For instance, a real estate agent or broker states that the structure of a building is new or the property is free from pests while none of them is correct in reality.
These misrepresentations of properties may happen by honest mistakes or with foul intentions. One way or another, the agent or the broker is liable.
To avoid this, you should make sure your information on the property is accurate. In case the word is coming from a third party, indicate the reference in the disclosure.
When something goes wrong with the transactions, one of the parties may seek legal advice. As a result, the other party becomes liable to fiduciary duties.
NAR recommends full disclosure by real estate agencies but state laws are often vague.
Educate yourself on this and promote the use of disclosure forms in your business.
FAIR HOUSING ACT
According to this rule, if you do not want to sell to a specific ethnicity or social class, you should forget about doing business. This is not a common case but when it happens, it costs real estate agents their business.

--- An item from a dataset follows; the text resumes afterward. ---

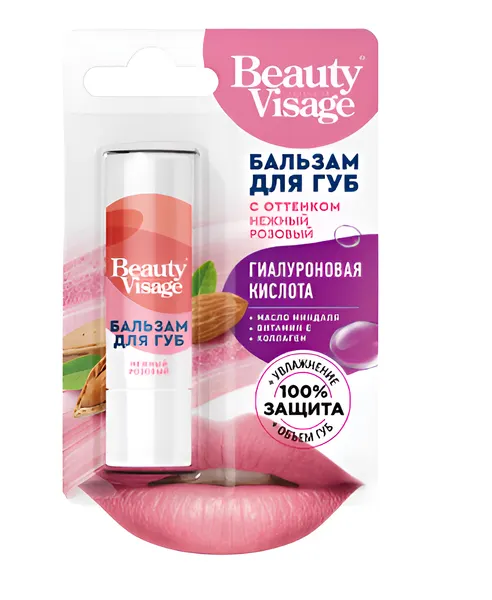 Бальзам для губ Beauty Visage нежно-розовый, с гиалуроновой кислотой, 4,5 г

It gets more complicated because some states have more restrictions (especially to protect LGBTQ communities.)
Avoid including things like “No children” in your print and online ads. Make sure everything is documented so everyone gets the same level of treatment.
This is a law designed to protect competition in the real estate market. It is basically to avoid cases where brokers form groups or coalitions and set commission rates or fix prices in order to impact competitors.

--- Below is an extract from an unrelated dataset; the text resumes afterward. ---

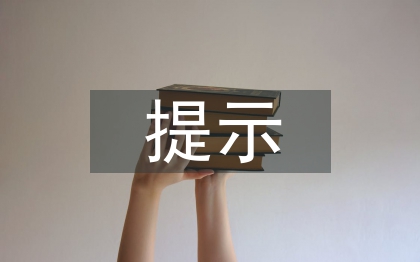 財(cái)務(wù)風(fēng)險(xiǎn)提示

Your office conduct should not in anyway invoke allegations that you do not wish to do business with a competitor. Your interactions with sellers should not indicate you are undermining competitors.

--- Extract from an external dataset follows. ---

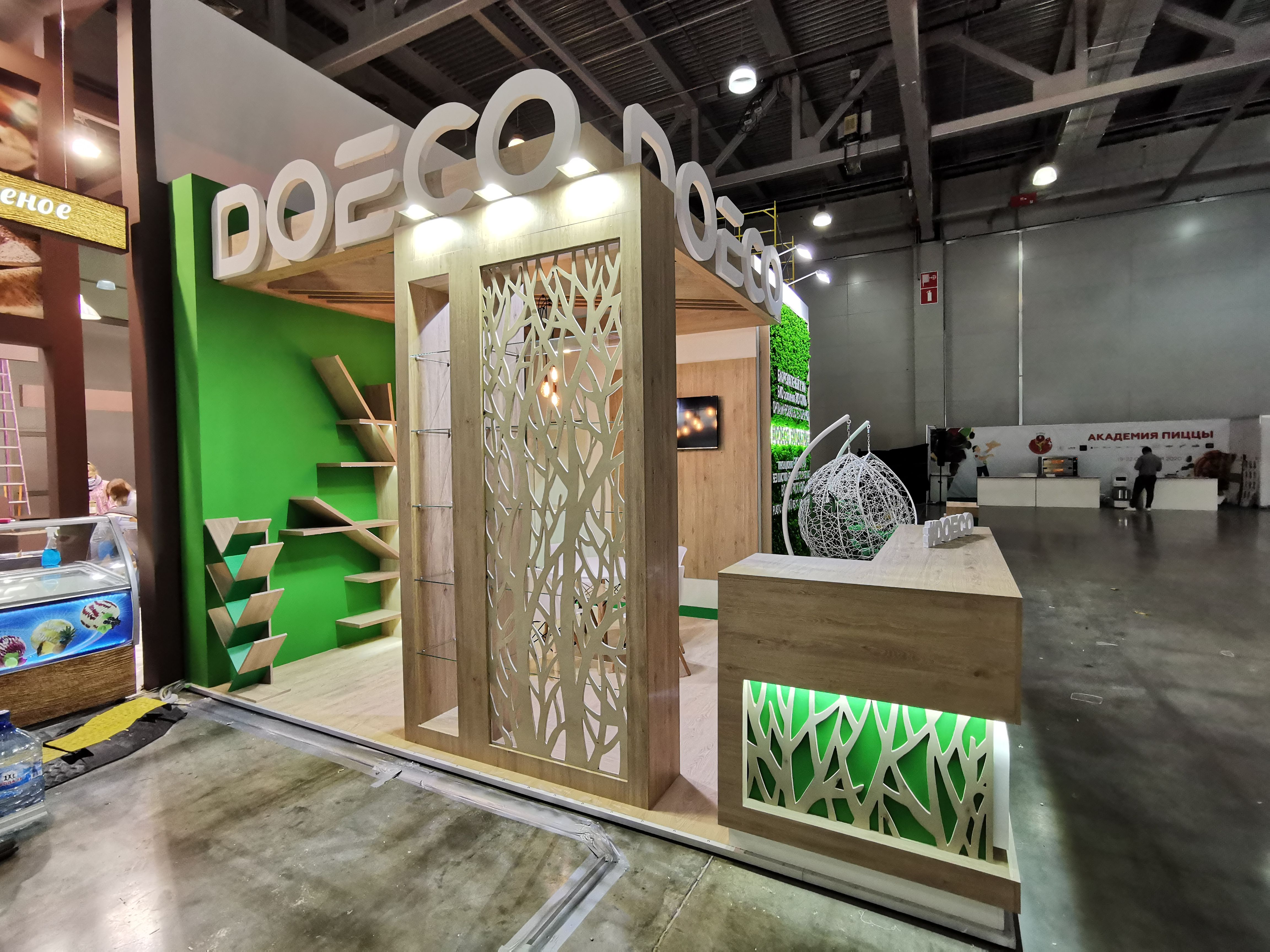 DOECO PIR EXPO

RESPA or real estate settlement procedures act has been there for a while. NAR has decided recently to modernize it.
It covers the area of kickbacks in the real estate business. To break it down, it prohibits all forms of payments for referrals. Only referral fees between two brokers are allowed.
To avoid liability, make sure you indicate any ownership of the third parties you refer your clients to and educate yourself and staff on how to avoid referral payments.
FALSE AND MISLEADING ADVERTISEMENT
Advertising online and offline is the key to survival for agents and realtors.
Ads with false information have always been a thing in marketing and that is why NAR has strict regulations on this.
These not only affect your print advertising but also recently focuses on online ads. It goes as far as monitoring email marketing and bulletins.
Make sure as a licensed realtor you do advertise truthful information.
ENVIRONMENTAL ISSUES AND HAZARDS
Real estate agents should pay attention to environmental issues of the property they are working on. Things like contaminated water, dangerous chemicals, and asbestos may end up in court.
Recommending buyers to run inspections and disclosing any issues clearly may help you prevent litigation.
AMERICANS WITH DISABILITIES ACT
Americans with Disabilities Act is a 1990 civil law that protects the disabled against discrimination.
It may affect agents and brokers in their provision of service to the disabled. For instance, you office is not featured with accessibility features such as ramps or curb breaks.
It may also affect your employees and contractors with disabilities.
The best way to avoid any claims in this category is by improving your knowledge of requirements before working with folks with disabilities.
For more information on this Act, please visit the ADA’s portal.
Given the ever-changing nature of real estate business, continuing education on legal issues is the best approach towards dealing with legal hurdles.
The bottom line is, as long as you have transparency in your transactions and everything is fully disclosed, you should be in the safe spot.